INFORMATION START

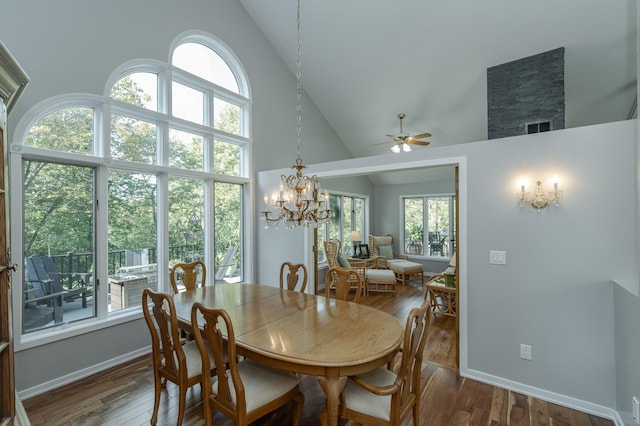 dining room with ceiling fan with notable chandelier, high vaulted ceiling, wood finished floors, and baseboards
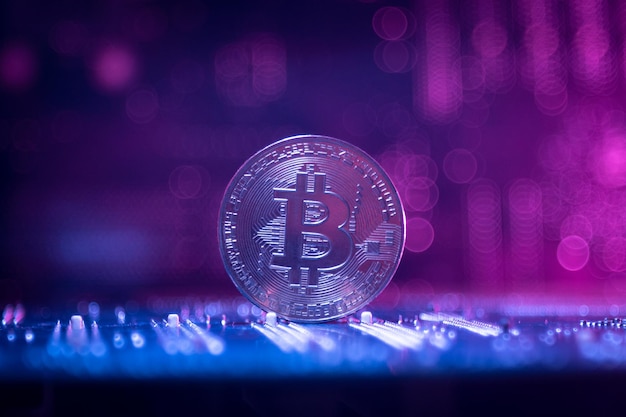 Ein Bitcoin auf dem Hintergrund von Microboards. Neon-Magenta. Nahansicht.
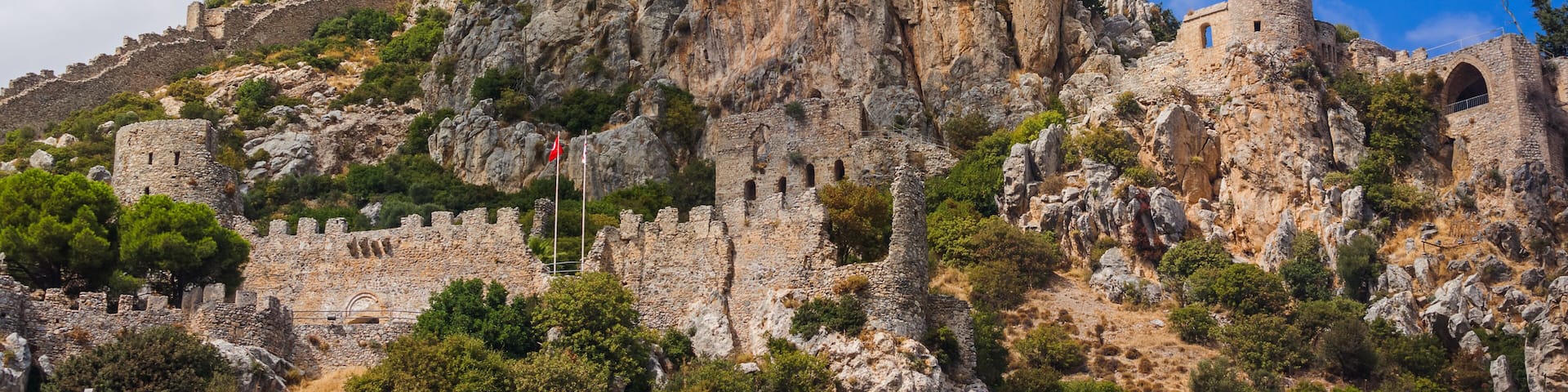 A rugged mountain with ancient ruins, including a castle and a tower, surrounded by rocky terrain and sparse vegetation.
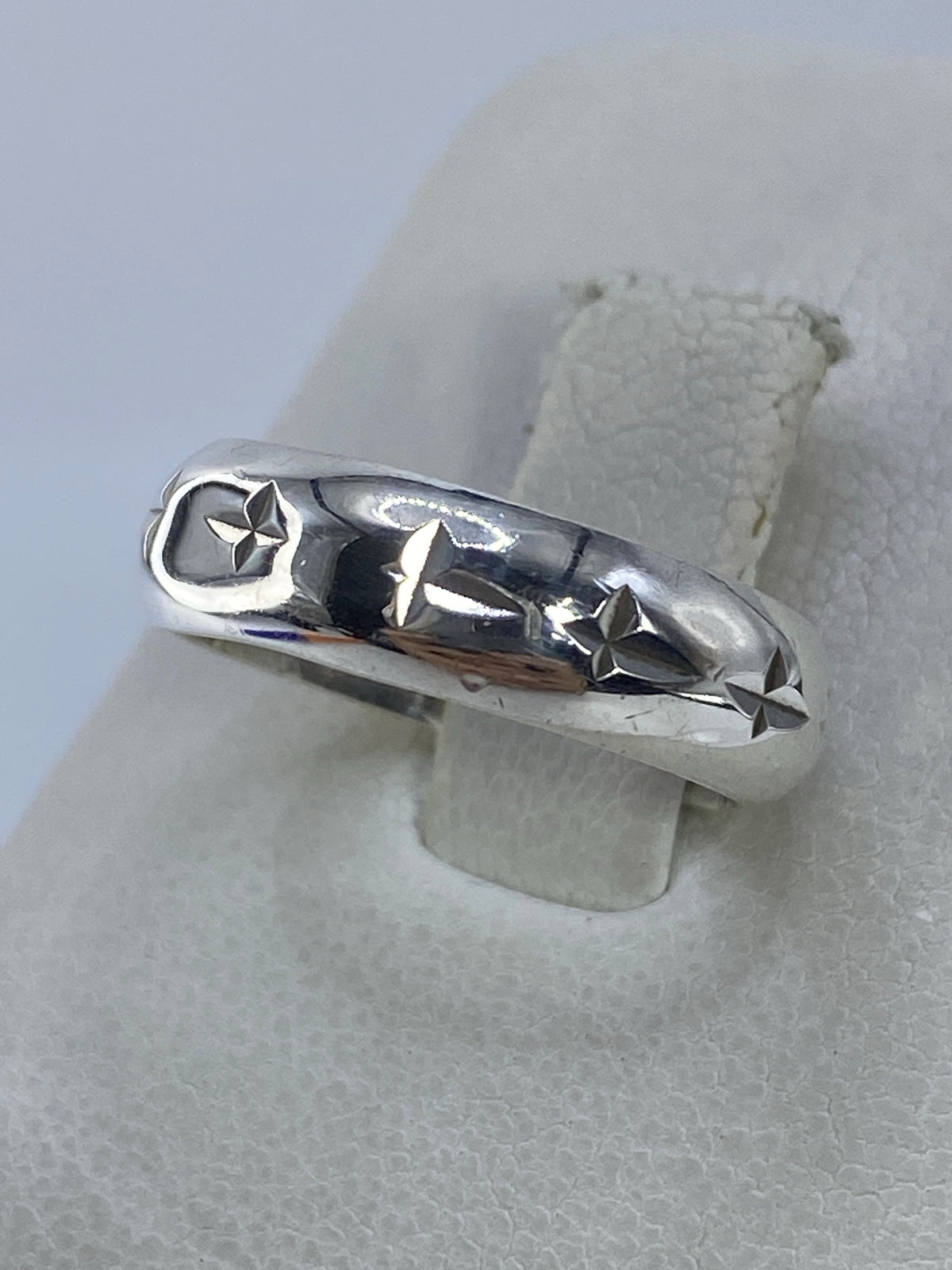 Anillo de plata minimalista puesto en dedo, mostrando detalles de las estrellas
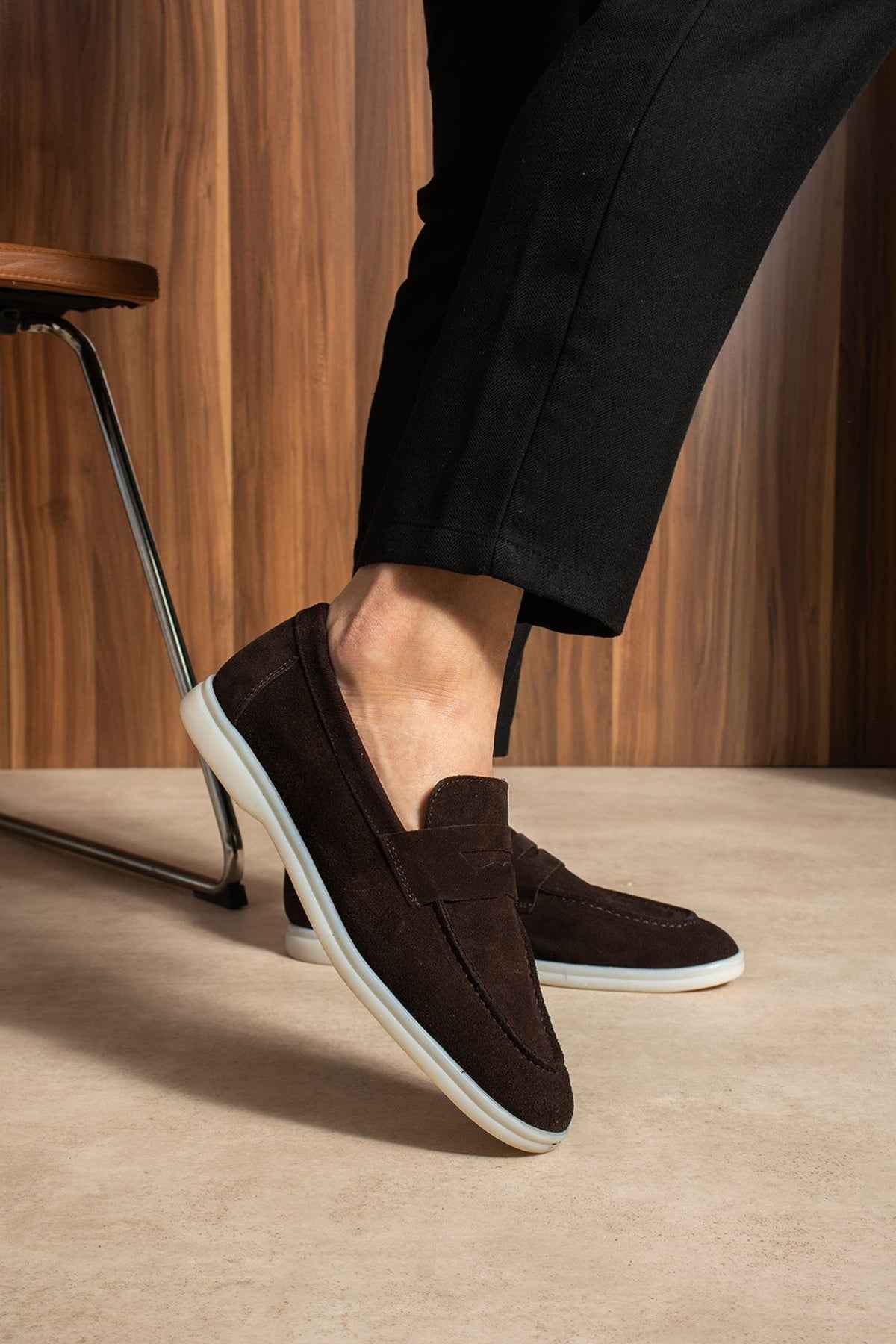 Men's genuine leather loafers, dark brown slip-on with white outsole edge, angled view.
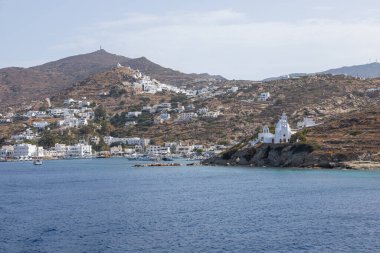 Chora, Ios Adası, Yunanistan - 26 Eylül 2020: liman manzarası ve Agia Irini, Saint Irene, Yunan Ortodoks kilisesi. Arka planda tepeler.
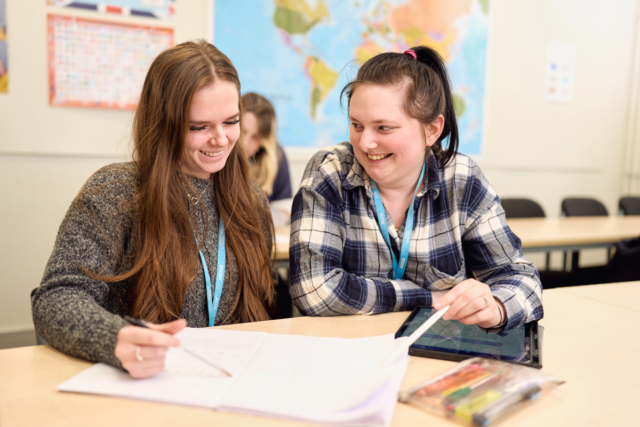 Two students make notes Access Health Science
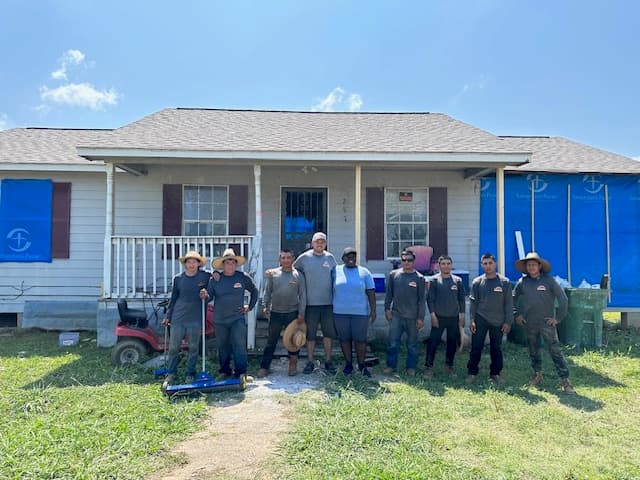 Strength team on a community service roofing project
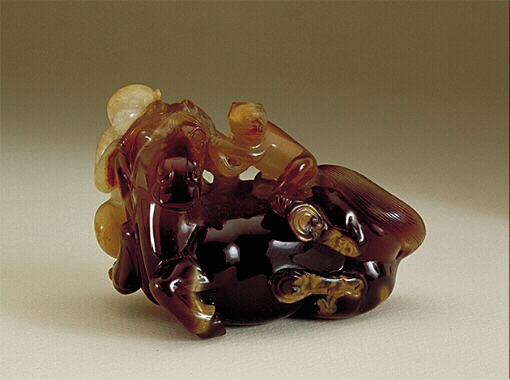 A rich dark brown chalcedony stone, with pale beige and almost white inclusions, brilliantly carved as a reclining horse with a couple of monkeys. One monkey is white, the other beige, and the horse is dark brown.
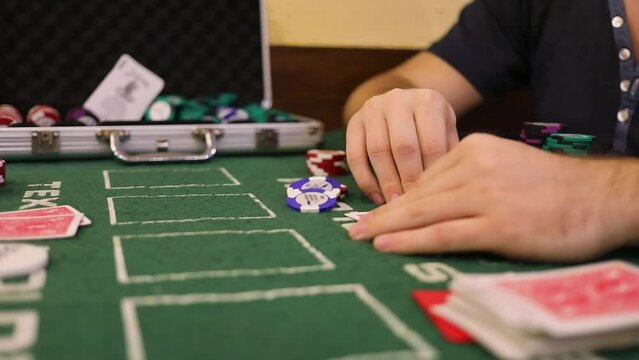 Man holds hands on cards during poker game on table with chips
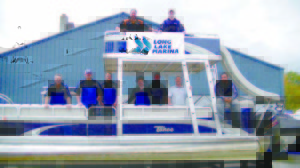 THE CREW FROM Long Lake Marina poses aboard “the fun boat.†Long Lake Marina recently acquired property in Bridgton with ample boat storage space, a maintenance shop plus a show room. Last fall, when the marina’s Naples-based boat storage facility reached its capacity, owner Jim Davenport knew it was time to expand the business again. (De Busk Photo)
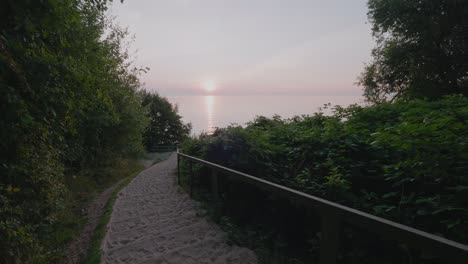 Sandy-Stairway-Down-To-Sunrise-at-Knäbäckshusen-Beach-in-South-Sweden-Österlen,-Static-Wide-Shot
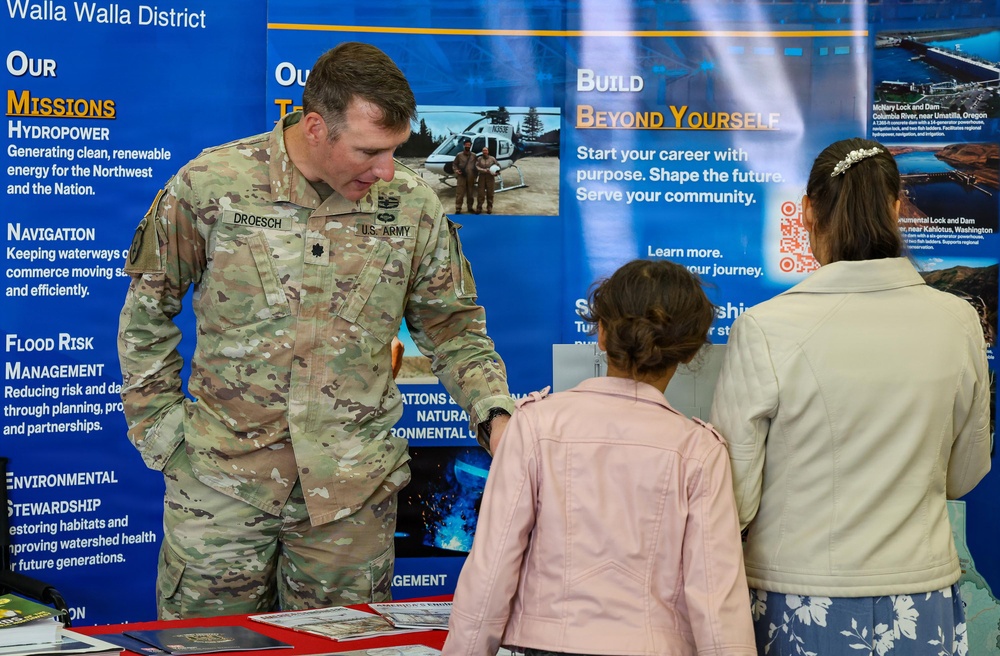A U.S. Army officer identified as 'Droesch' from the Walla Walla District is speaking with two civilian visitors at a recruitment or informational booth. The display features U.S. Army Corps of Engineers materials highlighting missions including hydropower, navigation, flood risk management, and environmental stewardship. The booth includes a 'Build Beyond Yourself' recruitment banner with a QR code.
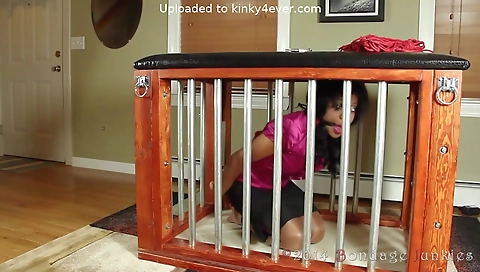 Ebony woman with a nice body is in handcuffs in a locked room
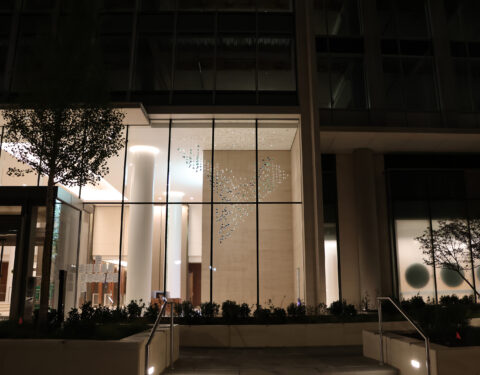 Night time view of the suspended sculpture from the street outside Night time view of the suspended sculpture from the street outside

INFORMATION END

> _ACTIVITY_: Leaving every picture out, return the lines from the one containing "Chora, Ios Adası, Yunanistan" through the last line of the records exactly.

> _RESULT OF THE TASK_:
 Chora, Ios Adası, Yunanistan - 26 Eylül 2020: liman manzarası ve Agia Irini, Saint Irene, Yunan Ortodoks kilisesi. Arka planda tepeler.
 Two students make notes Access Health Science
 Strength team on a community service roofing project
 A rich dark brown chalcedony stone, with pale beige and almost white inclusions, brilliantly carved as a reclining horse with a couple of monkeys. One monkey is white, the other beige, and the horse is dark brown.
 Man holds hands on cards during poker game on table with chips
 THE CREW FROM Long Lake Marina poses aboard “the fun boat.†Long Lake Marina recently acquired property in Bridgton with ample boat storage space, a maintenance shop plus a show room. Last fall, when the marina’s Naples-based boat storage facility reached its capacity, owner Jim Davenport knew it was time to expand the business again. (De Busk Photo)
 Sandy-Stairway-Down-To-Sunrise-at-Knäbäckshusen-Beach-in-South-Sweden-Österlen,-Static-Wide-Shot
A U.S. Army officer identified as 'Droesch' from the Walla Walla District is speaking with two civilian visitors at a recruitment or informational booth. The display features U.S. Army Corps of Engineers materials highlighting missions including hydropower, navigation, flood risk management, and environmental stewardship. The booth includes a 'Build Beyond Yourself' recruitment banner with a QR code.
 Ebony woman with a nice body is in handcuffs in a locked room
 Night time view of the suspended sculpture from the street outside Night time view of the suspended sculpture from the street outside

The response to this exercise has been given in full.